> **Material provided**
------------------------
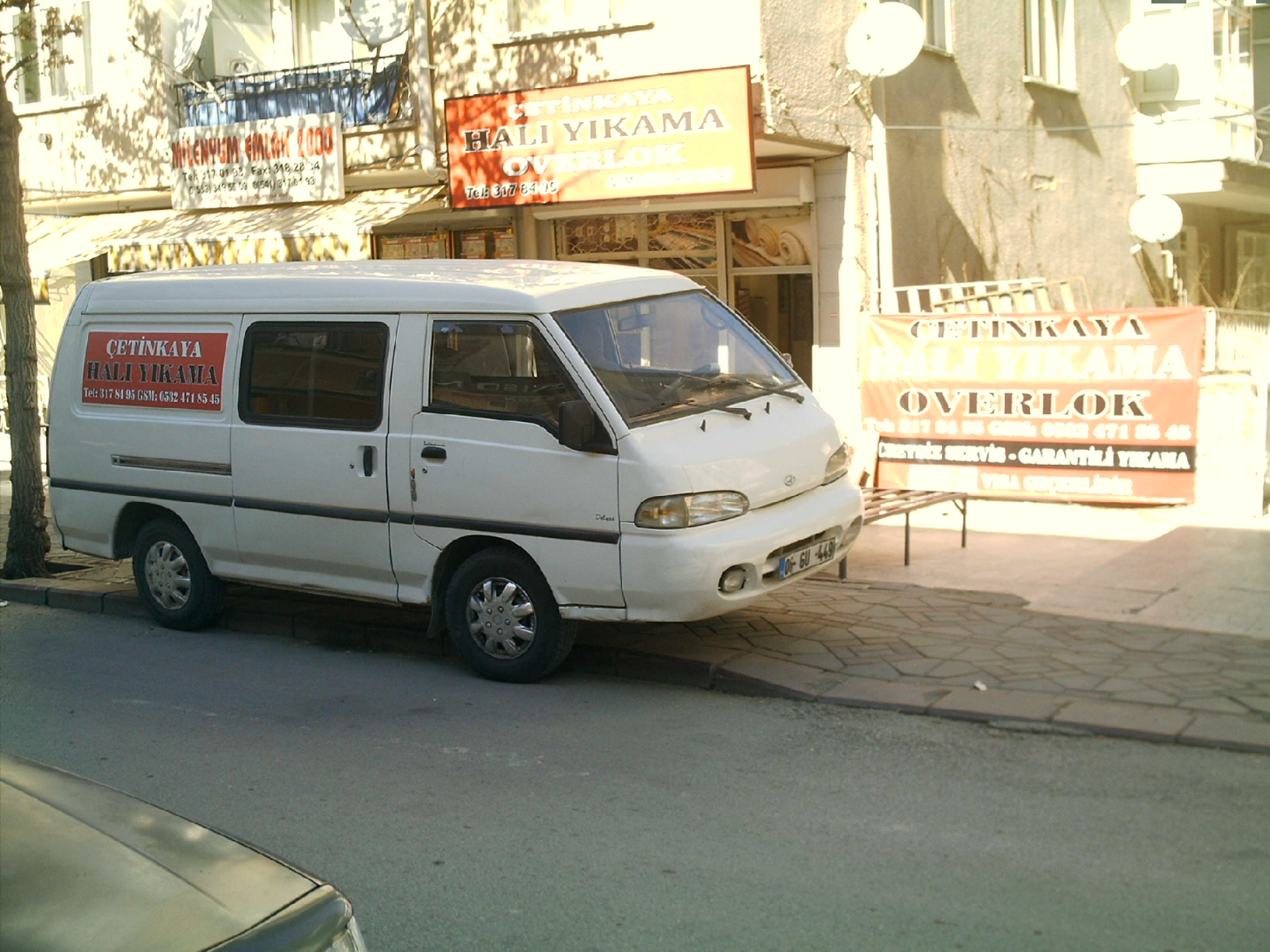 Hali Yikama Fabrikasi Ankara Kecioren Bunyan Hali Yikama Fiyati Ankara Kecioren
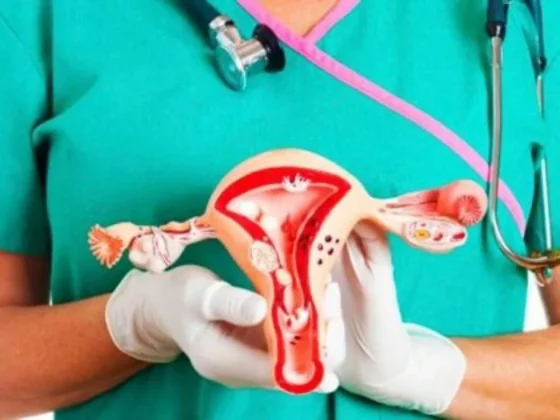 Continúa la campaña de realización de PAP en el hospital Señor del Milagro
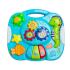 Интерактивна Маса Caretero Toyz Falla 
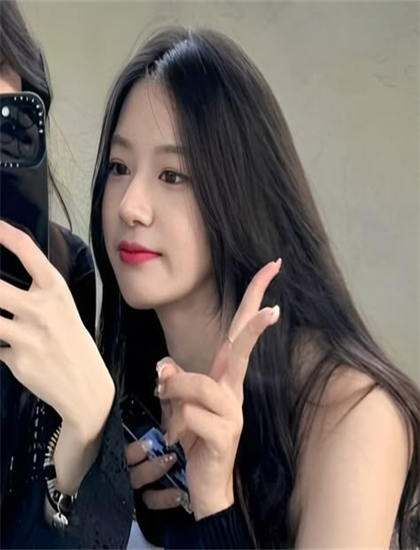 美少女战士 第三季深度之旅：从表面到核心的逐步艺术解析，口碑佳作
------------------------
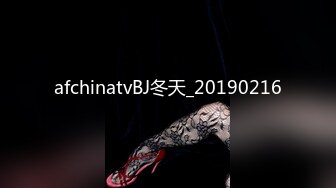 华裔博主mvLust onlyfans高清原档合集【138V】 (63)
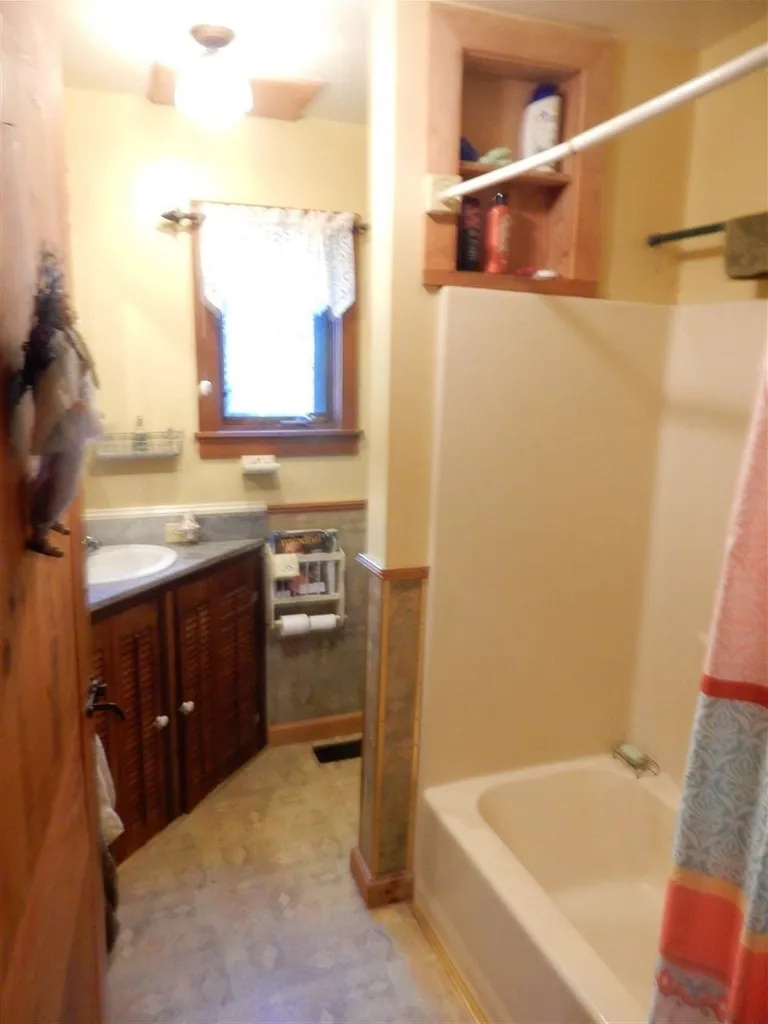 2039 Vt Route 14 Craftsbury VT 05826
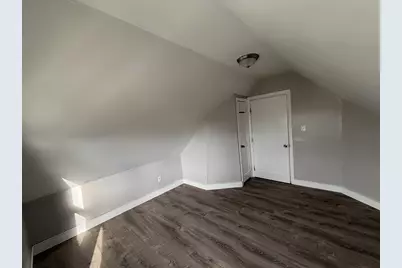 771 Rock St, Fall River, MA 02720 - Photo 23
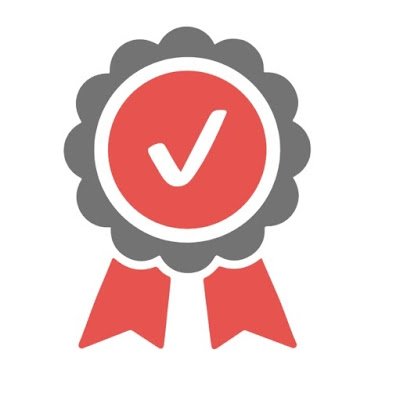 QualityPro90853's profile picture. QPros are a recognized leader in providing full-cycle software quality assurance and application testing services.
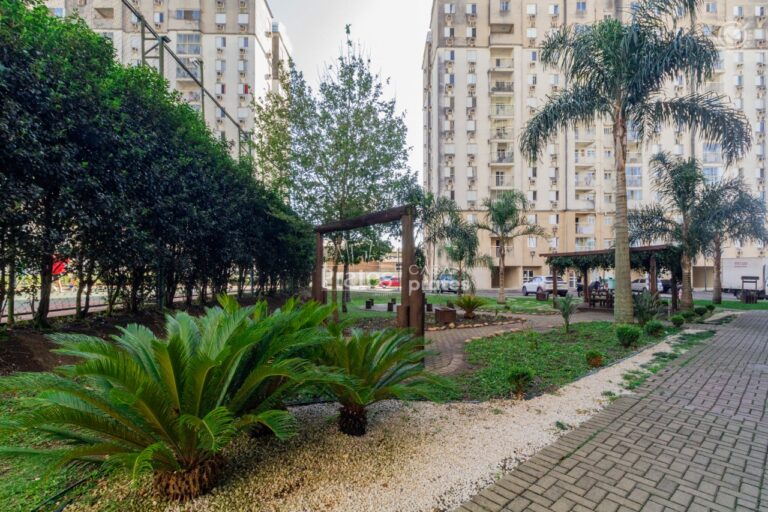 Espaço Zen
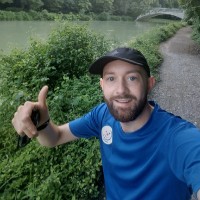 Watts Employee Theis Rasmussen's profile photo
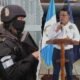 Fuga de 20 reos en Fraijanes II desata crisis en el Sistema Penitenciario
------------------------
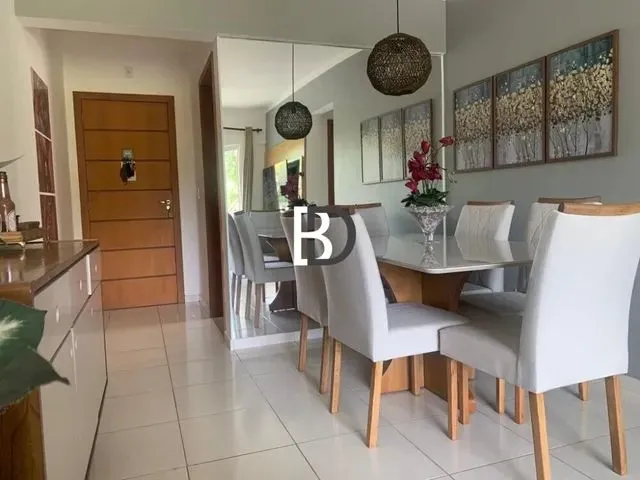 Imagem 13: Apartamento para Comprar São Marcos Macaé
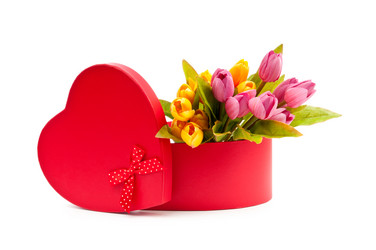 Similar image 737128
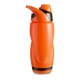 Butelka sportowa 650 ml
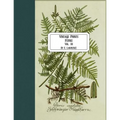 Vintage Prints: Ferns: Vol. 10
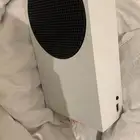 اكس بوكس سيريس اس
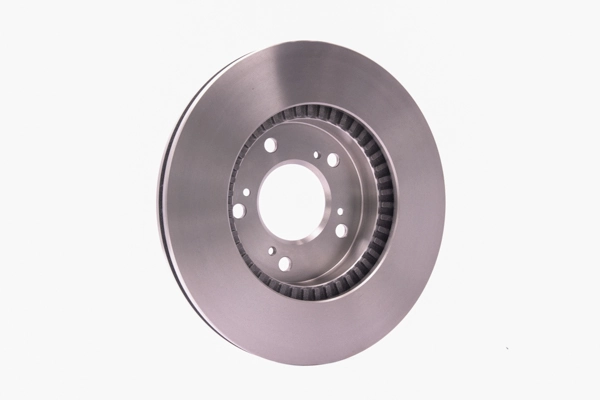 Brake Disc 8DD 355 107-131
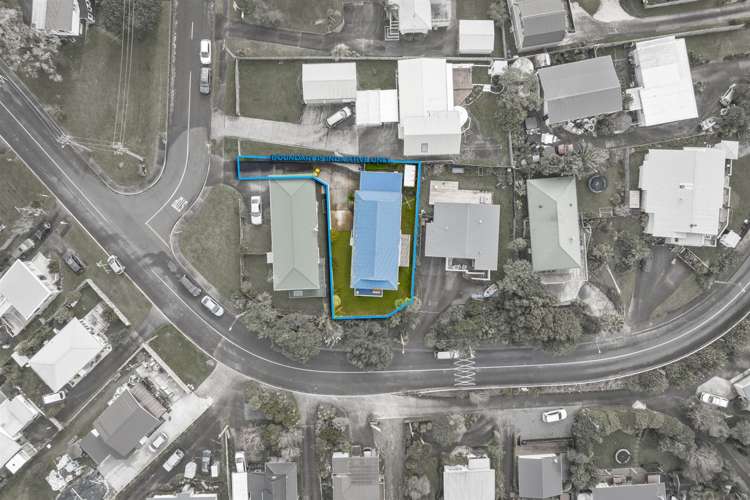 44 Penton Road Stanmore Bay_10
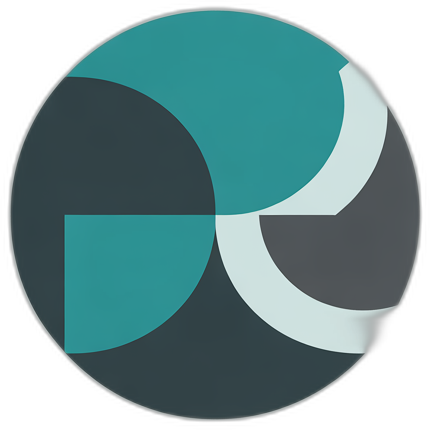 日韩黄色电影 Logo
------------------------
Copy only this from above: the line containing "Интерактивна Маса Caretero Toyz Falla", the line containing "美少女战士 第三季深度之旅：从表面到核心的逐步艺术解析，口碑佳作", and all lines between, printed exactly. Leave out the pictures.

 Интерактивна Маса Caretero Toyz Falla 
 美少女战士 第三季深度之旅：从表面到核心的逐步艺术解析，口碑佳作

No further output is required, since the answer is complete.